Your instructions> From first line to last, write out the data precisely as shown.

Material provided>
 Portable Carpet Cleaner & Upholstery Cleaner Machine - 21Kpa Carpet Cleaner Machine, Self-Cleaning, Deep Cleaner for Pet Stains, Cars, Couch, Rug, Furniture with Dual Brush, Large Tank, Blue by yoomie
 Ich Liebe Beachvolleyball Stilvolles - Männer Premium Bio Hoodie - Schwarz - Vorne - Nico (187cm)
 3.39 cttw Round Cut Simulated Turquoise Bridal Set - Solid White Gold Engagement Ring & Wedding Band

Finished exercise>
 Portable Carpet Cleaner & Upholstery Cleaner Machine - 21Kpa Carpet Cleaner Machine, Self-Cleaning, Deep Cleaner for Pet Stains, Cars, Couch, Rug, Furniture with Dual Brush, Large Tank, Blue by yoomie
 Ich Liebe Beachvolleyball Stilvolles - Männer Premium Bio Hoodie - Schwarz - Vorne - Nico (187cm)
 3.39 cttw Round Cut Simulated Turquoise Bridal Set - Solid White Gold Engagement Ring & Wedding Band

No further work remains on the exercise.